Genmais in Thüle – Genraps in Oberntudorf?

(wd) Im Europaparlament werden die entscheidenden Weichen dafür gestellt, ob in Zukunft gentechnisch manipulierte Pflanzen auf unseren ostwestfälischen Feldern wachsen werden.

Denn auf europäischer Ebene wird festgelegt, welche Genpflanzen in die EU importiert werden dürfen und ob sie für den Anbau zugelassen werden. Auch die Kennzeichnung der gentechnisch veränderten Produkte wird auf europäischer Ebene grundsätzlich geregelt.

Ich will, dass auch in Zukunft eine Landwirtschaft ohne Gentechnik möglich ist. Ich will sicher sein, dass ich für mein Essen keine genmanipulierten Pflanzen oder Tiere zubereite. Ich will in meinem Garten Pflanzen anbauen können, ohne dass ich Angst haben muss, dass gentechnisch veränderte Pollen oder Samen meine Saat verschmutzen.

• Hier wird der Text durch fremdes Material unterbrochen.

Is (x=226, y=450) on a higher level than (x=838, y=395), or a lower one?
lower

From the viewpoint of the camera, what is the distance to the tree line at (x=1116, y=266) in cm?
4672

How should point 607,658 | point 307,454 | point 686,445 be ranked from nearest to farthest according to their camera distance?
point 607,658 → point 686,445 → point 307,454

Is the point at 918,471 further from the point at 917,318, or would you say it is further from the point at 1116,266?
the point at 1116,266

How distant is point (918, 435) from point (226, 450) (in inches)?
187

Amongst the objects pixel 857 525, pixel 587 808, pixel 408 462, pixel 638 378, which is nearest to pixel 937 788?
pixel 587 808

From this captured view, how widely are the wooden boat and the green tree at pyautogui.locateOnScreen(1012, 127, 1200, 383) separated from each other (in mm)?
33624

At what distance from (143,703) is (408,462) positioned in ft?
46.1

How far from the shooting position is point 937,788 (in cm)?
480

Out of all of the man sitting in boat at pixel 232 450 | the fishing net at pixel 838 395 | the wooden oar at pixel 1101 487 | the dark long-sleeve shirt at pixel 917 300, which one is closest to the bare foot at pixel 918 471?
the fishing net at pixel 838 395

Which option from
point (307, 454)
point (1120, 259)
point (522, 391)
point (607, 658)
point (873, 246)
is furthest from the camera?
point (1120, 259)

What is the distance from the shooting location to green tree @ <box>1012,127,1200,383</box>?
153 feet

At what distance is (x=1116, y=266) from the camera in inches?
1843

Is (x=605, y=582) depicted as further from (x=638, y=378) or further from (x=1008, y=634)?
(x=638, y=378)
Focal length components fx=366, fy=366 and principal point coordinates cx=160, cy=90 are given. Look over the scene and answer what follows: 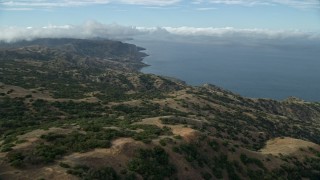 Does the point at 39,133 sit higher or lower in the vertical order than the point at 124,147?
lower

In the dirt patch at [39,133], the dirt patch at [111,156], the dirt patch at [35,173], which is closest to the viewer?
the dirt patch at [35,173]

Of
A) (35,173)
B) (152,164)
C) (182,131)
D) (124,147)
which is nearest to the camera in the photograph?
(35,173)

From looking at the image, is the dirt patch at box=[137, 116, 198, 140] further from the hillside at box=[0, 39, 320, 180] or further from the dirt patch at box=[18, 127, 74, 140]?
the dirt patch at box=[18, 127, 74, 140]

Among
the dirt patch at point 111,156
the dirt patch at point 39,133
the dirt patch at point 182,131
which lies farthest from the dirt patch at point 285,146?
the dirt patch at point 39,133

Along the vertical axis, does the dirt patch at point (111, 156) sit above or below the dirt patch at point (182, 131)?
above

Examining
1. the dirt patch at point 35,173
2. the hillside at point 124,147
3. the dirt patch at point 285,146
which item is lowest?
the dirt patch at point 285,146

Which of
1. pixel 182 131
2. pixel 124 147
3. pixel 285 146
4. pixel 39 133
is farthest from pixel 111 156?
pixel 285 146

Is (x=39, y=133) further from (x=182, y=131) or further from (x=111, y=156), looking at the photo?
(x=182, y=131)

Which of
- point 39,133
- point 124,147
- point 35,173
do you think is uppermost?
point 35,173

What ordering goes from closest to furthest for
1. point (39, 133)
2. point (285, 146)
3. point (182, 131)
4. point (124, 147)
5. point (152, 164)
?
point (152, 164) → point (124, 147) → point (39, 133) → point (182, 131) → point (285, 146)

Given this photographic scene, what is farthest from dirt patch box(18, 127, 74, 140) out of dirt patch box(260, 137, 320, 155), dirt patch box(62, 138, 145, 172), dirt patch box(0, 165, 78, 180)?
dirt patch box(260, 137, 320, 155)

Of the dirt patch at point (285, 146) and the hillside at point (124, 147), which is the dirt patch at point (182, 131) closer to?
the hillside at point (124, 147) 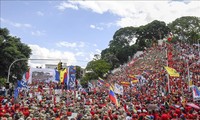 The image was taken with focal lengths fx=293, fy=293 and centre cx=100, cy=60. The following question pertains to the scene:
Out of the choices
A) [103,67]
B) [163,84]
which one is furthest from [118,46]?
[163,84]

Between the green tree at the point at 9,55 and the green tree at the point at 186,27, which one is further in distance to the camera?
the green tree at the point at 186,27

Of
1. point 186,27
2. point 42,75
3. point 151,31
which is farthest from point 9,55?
point 151,31

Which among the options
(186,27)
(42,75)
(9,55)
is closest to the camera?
(9,55)

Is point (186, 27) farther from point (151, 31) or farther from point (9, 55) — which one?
point (9, 55)

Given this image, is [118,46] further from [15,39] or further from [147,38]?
[15,39]

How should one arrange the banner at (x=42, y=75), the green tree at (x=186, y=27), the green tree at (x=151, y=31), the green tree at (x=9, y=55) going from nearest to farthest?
the green tree at (x=9, y=55) → the banner at (x=42, y=75) → the green tree at (x=186, y=27) → the green tree at (x=151, y=31)

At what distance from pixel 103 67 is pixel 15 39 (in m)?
36.5

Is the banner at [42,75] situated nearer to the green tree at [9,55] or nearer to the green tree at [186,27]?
the green tree at [9,55]

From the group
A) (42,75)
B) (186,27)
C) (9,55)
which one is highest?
(186,27)

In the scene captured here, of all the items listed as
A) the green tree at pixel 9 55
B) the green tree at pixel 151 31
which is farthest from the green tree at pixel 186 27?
the green tree at pixel 9 55

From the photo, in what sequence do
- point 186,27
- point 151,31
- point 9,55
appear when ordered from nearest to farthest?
1. point 9,55
2. point 186,27
3. point 151,31

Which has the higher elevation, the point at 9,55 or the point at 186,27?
the point at 186,27

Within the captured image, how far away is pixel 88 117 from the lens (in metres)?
12.9

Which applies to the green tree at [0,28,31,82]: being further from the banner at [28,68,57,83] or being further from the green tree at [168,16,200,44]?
the green tree at [168,16,200,44] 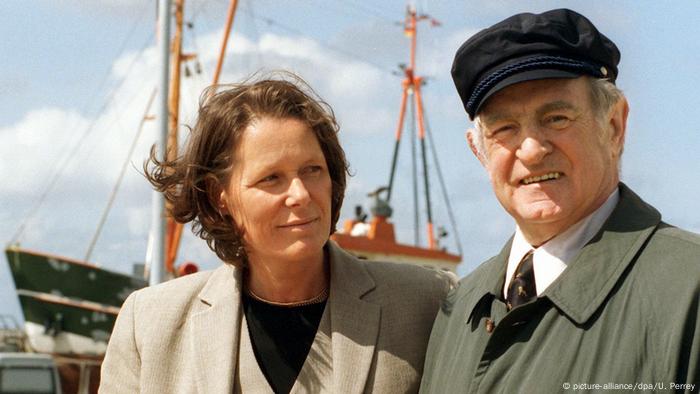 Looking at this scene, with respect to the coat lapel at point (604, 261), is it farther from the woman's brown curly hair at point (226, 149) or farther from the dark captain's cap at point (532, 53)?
the woman's brown curly hair at point (226, 149)

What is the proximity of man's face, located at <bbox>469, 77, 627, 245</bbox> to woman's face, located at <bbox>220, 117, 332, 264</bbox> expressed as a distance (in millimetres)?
784

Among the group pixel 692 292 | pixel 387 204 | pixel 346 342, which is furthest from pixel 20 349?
pixel 692 292

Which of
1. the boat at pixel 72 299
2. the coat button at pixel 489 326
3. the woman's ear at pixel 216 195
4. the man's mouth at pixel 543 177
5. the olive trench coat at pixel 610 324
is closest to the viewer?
the olive trench coat at pixel 610 324

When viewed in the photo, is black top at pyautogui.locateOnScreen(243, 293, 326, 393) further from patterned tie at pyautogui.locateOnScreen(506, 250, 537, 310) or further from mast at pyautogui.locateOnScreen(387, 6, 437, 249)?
mast at pyautogui.locateOnScreen(387, 6, 437, 249)

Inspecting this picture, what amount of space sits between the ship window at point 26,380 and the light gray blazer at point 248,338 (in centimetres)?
1181

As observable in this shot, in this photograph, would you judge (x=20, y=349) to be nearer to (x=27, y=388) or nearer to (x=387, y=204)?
(x=27, y=388)

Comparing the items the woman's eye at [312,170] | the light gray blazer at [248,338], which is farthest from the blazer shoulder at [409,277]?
the woman's eye at [312,170]

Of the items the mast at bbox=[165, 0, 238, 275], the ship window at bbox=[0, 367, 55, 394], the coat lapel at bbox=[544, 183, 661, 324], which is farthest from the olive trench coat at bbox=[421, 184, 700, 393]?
the mast at bbox=[165, 0, 238, 275]

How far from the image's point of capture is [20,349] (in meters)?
20.7

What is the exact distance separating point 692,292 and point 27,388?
45.9 ft

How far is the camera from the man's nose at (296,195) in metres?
3.22

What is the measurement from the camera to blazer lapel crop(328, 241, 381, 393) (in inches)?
130

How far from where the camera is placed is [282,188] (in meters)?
3.26

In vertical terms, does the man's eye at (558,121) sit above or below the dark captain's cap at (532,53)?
below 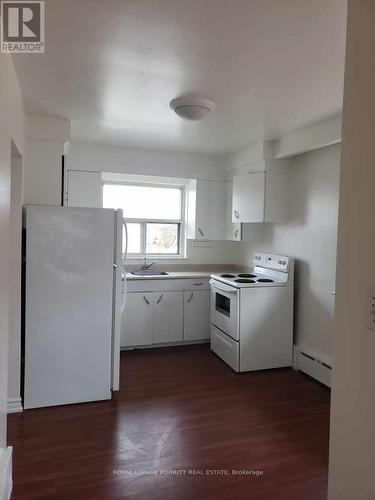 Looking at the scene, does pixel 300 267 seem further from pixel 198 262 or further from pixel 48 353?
pixel 48 353

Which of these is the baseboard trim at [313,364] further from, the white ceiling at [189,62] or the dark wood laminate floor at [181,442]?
the white ceiling at [189,62]

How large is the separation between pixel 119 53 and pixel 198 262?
3258 millimetres

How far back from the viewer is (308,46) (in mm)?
1833

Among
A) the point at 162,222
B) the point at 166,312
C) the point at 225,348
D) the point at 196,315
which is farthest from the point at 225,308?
the point at 162,222

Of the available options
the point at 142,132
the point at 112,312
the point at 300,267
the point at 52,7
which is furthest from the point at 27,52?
the point at 300,267

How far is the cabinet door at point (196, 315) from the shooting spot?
14.3 feet

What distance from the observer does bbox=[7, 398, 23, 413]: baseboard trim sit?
2.79m

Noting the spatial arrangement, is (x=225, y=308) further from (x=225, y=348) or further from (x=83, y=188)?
(x=83, y=188)

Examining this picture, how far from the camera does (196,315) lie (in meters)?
4.40

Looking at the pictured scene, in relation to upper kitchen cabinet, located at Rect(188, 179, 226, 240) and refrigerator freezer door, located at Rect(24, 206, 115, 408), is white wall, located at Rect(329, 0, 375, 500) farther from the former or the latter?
upper kitchen cabinet, located at Rect(188, 179, 226, 240)

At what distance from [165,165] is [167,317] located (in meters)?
1.83

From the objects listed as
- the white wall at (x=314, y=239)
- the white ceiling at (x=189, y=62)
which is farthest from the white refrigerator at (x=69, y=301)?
the white wall at (x=314, y=239)

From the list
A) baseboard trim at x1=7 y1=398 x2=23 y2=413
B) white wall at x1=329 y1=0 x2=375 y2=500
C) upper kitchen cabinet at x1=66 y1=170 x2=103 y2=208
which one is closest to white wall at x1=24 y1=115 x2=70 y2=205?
upper kitchen cabinet at x1=66 y1=170 x2=103 y2=208

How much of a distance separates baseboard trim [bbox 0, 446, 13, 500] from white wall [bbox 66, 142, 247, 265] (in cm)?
299
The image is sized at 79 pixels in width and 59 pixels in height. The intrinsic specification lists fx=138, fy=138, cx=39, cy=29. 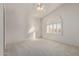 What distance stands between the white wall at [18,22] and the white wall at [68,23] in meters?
0.18

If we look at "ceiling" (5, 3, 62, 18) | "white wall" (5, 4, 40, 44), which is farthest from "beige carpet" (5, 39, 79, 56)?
"ceiling" (5, 3, 62, 18)

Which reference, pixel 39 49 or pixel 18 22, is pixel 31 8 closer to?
pixel 18 22

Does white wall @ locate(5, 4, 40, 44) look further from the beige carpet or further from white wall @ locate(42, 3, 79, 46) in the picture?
white wall @ locate(42, 3, 79, 46)

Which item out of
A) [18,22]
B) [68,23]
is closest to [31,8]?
[18,22]

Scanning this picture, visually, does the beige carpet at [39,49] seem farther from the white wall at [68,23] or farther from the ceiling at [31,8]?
the ceiling at [31,8]

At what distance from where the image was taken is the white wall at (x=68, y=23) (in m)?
1.71

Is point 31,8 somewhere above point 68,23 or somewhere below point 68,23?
above

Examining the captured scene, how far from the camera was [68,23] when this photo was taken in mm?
1715

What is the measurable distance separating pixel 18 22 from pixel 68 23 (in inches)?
24.6

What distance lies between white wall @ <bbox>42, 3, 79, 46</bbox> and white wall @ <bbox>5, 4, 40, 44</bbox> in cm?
18

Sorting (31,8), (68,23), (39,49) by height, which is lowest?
(39,49)

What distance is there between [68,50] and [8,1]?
3.14ft

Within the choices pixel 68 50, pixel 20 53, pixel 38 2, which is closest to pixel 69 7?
pixel 38 2

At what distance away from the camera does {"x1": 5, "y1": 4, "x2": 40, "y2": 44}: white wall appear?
5.64ft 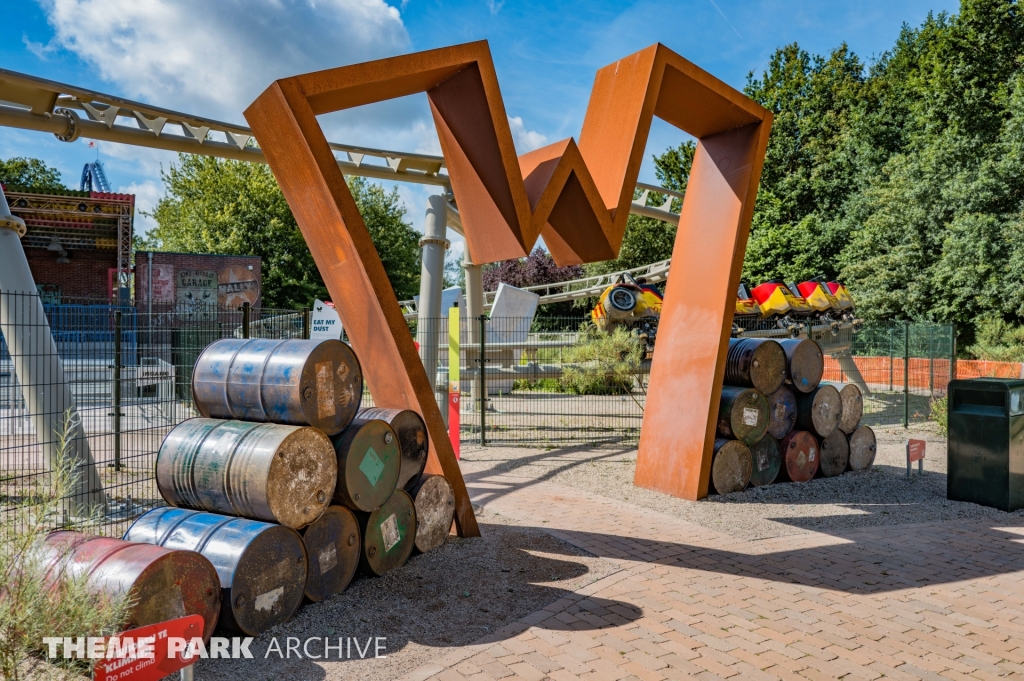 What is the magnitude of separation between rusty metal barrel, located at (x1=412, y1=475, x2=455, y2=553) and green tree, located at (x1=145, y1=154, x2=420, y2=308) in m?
32.0

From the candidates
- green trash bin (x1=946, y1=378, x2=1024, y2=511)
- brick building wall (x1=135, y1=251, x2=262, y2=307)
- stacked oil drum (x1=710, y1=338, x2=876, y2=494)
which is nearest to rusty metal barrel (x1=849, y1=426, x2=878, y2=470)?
stacked oil drum (x1=710, y1=338, x2=876, y2=494)

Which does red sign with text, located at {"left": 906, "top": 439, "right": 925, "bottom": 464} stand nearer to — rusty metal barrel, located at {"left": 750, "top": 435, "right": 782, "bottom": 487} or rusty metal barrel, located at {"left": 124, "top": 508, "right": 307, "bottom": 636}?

Fünf weltweite Saatgutkonzerne kontrollieren inzwischen einen großen Teil der Agrarmärkte – Monsanto ist die Nummer 1 davon. Und diese 5 hoffen mit der Gentechnik im Agrarsektor auf große Gewinne. Bezahlen müssen diese Gewinne die Bauern und die Verbraucher – in Deutschland, aber z.B. auch in Afrika. Da das gentechnisch manipulierte Saatgut patentiert ist, darf kein Bauer die davon gewonnenen Saaten wieder aussäen. Wer in Afrika kein Geld hat, um neues Saatgut von Monsanto zu kaufen, wird verhungern.

Gentechnik ist für mich eine Risikotechnologie: einmal im Freiland angebaute Genpflanzen werden sich immer in unserer Natur ausbreiten. Wir können diese Entscheidung nicht wieder rückgängig machen. Und so, wie alle Generationen nach uns mit unserem Atommüll leben müssen, werden dann auch alle Generationen nach uns mit den gentechnisch veränderten Pflanzen leben müssen. Da die Haftung für Schäden, die daraus entstehen können keine Versicherung decken will, werden wir alle für die Schäden bezahlen müssen.

Deshalb gehe ich am 7. Juni zur Europawahl. Je stärker die Gentechnikgegner im Europaparlament sind, um so größer ist die Chance, dass unsere Landwirtschaft  in Europa gentechnikfrei bleibt.

In unserem Garten wächst „Golden Bantam“: Das ist die Maissorte der Gentechnikgegner.